A heritage assessment report written by the Council’s heritage specialist planner in 2017 supported the removal of the Applicants’ property as a heritage item (2017 Report). Contrary to that report, another Council report was prepared which recommended retaining rather than removing the listing of the Applicants’ property as an item of local heritage, although the heritage assessment was the same (2018 Report).

At a Council meeting, the Council resolved to vary the planning proposal to retain the listing of the Applicants’ property as a heritage item and then resolved to amend the LEP in accordance with the varied planning proposal.

The Applicants alleged that they had been denied procedural fairness because they were not given sufficient time to obtain expert heritage advice after finding out about the variation to the recommendation and before the Council meeting and there was no explanation for why the Council officers changed their recommendation. Without an explanation, the Applicants claimed that they were not in a position to make submissions against the recommendations in the 2018 Report.

The Applicants were:

  • given an opportunity to make a submission on the planning proposal when it was publicly notified (and when it recommended delisting of their house),
  • provided with the 2017 Report,
  • notified 6 days before the relevant Council meeting that the Council would be considering the planning proposal at the meeting and invited to view the 2018 Report online and at the Council chambers (although the notice did not state that the recommendation had changed),
  • expressly told of the change in recommendation a day before the Council meeting, and
  • had the opportunity to, and did in fact contact the Councillors before the meeting and speak at the Council meeting.

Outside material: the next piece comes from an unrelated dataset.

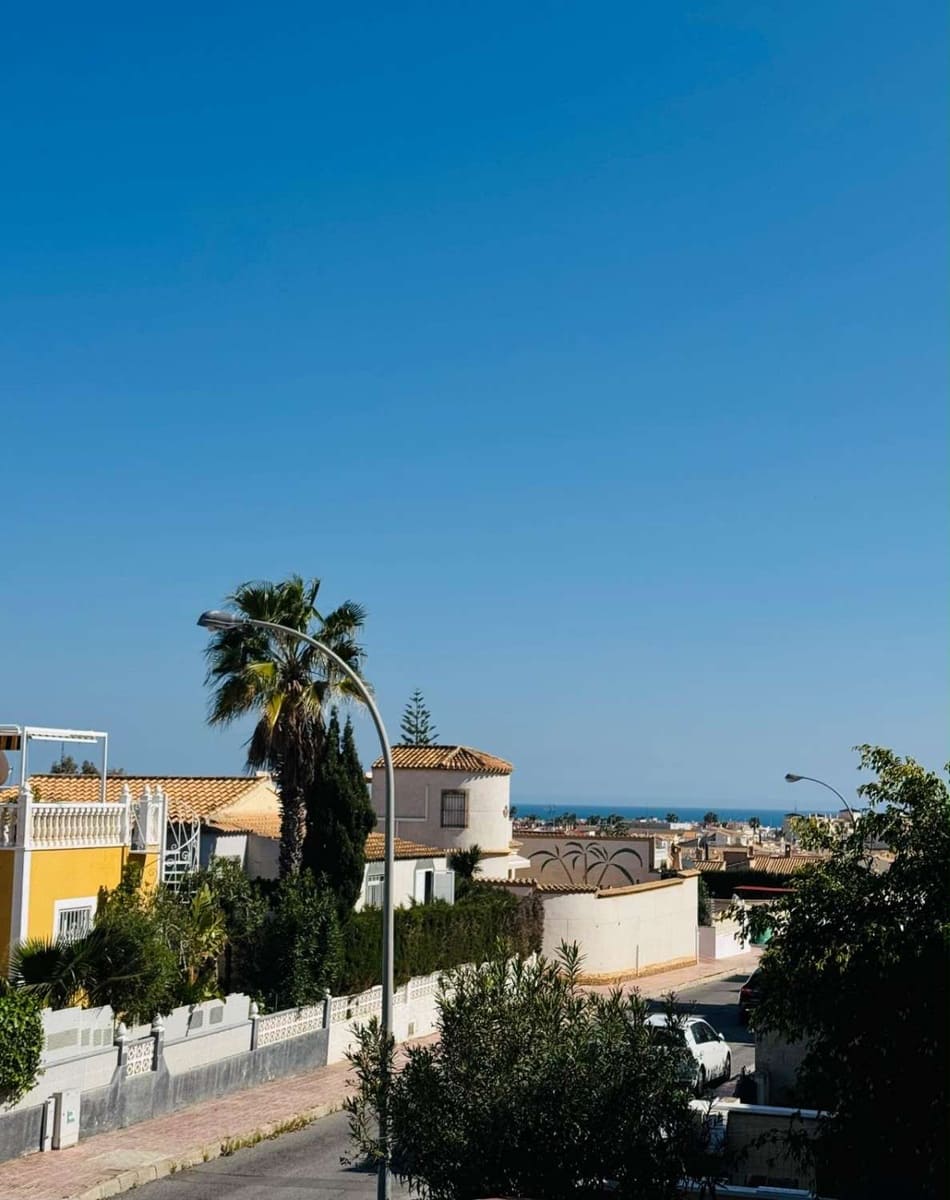 3 sovrum Lägenhet till salu i Orihuela - 229 000 € (Ref: 9902836)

Chief Justice Preston of the Land and Environment Court held that the Applicants were not denied procedural fairness.

Section 3.35 of the Environmental Planning and Assessment Act 1979 (EPA Act) provides that a planning proposal may be varied, but only requires further community consultation if the gateway determination issued for the planning proposal requires it. The Council in this case was not found to have breached any obligation in respect of community consultation under s3.35.

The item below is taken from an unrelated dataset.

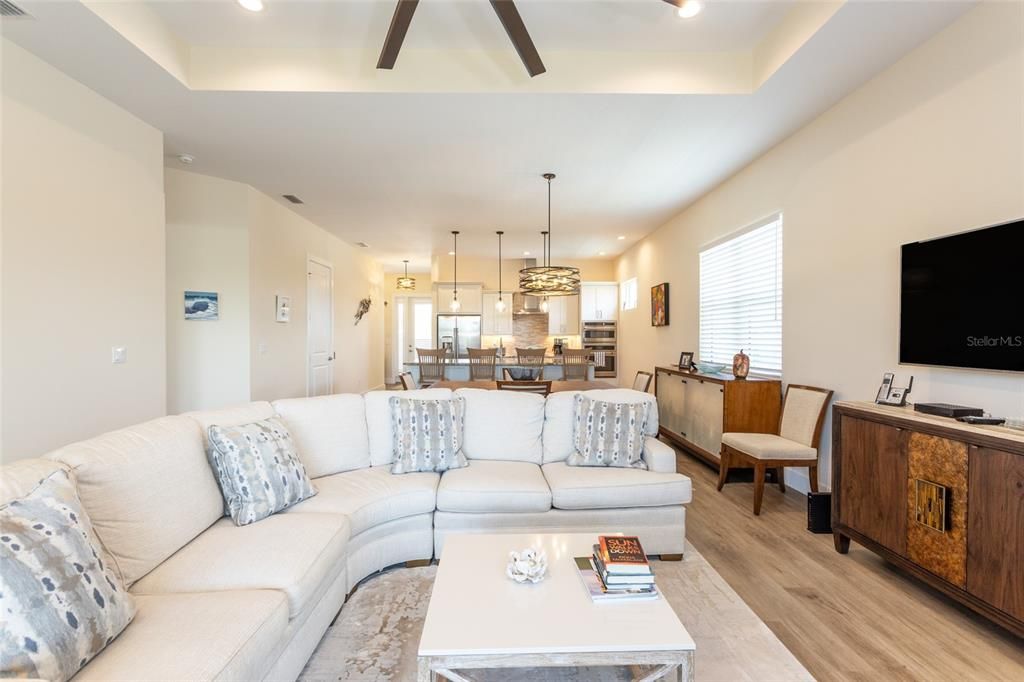 Active With Contract: $849,000 (3 beds, 2 baths, 1903 Square Feet)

The Court found that the EPA Act did not require Council to give persons affected by a planning proposal an opportunity to make further submissions when it decides to vary a planning proposal. However, even if it did, the Applicants were not denied any opportunity to make submissions (due to the facts set out above).

The Applicants had ample opportunity to make submissions on both the planning proposal and the recommended revised planning proposal (which was provided 6 days before the Council meeting but which the Applicants did not read – assuming there was no change in recommendation). The fact that the Applicants sought further opportunities to make submissions did not make the opportunities that they did have insufficient or inadequate.

Furthermore, although the recommendation changed, the heritage assessment of the Applicant’s property did not, just the recommended decision based on that assessment. The Applicants’ had ample opportunity to address the heritage assessment and make comments on it, and tactically chose not to submit their own heritage evidence, on the assumption that the recommendation to delist their property would not change.

Ultimately, the Court found that the Applicants’ concerns were not about procedural fairness.  The Applicants expected that the Council officers would continue to recommend removal of the heritage listing of their property, and the Council would adopt that recommendation. This was an expectation of a particular substantive outcome and not an expectation regarding the  process of amending the LEP, and therefore could not be characterised as  a concern about procedural fairness.


In our view, this case does not affect previous decisions which suggest further community consultation could be required if the variation to the planning proposal is so significant that the plan ultimately made could not be said to be a result of the process which included the community consultation. Read our previous blogs on this issue, here and here.

However, in this case, the Court did not discuss the significance or otherwise of the variation to the recommendation and the case turned more on the opportunities the Applicants’ were given to make submissions and particularly the fact that the expert heritage assessment relied on by Council had been available to the Applicants and they had ample opportunity to make submissions on it.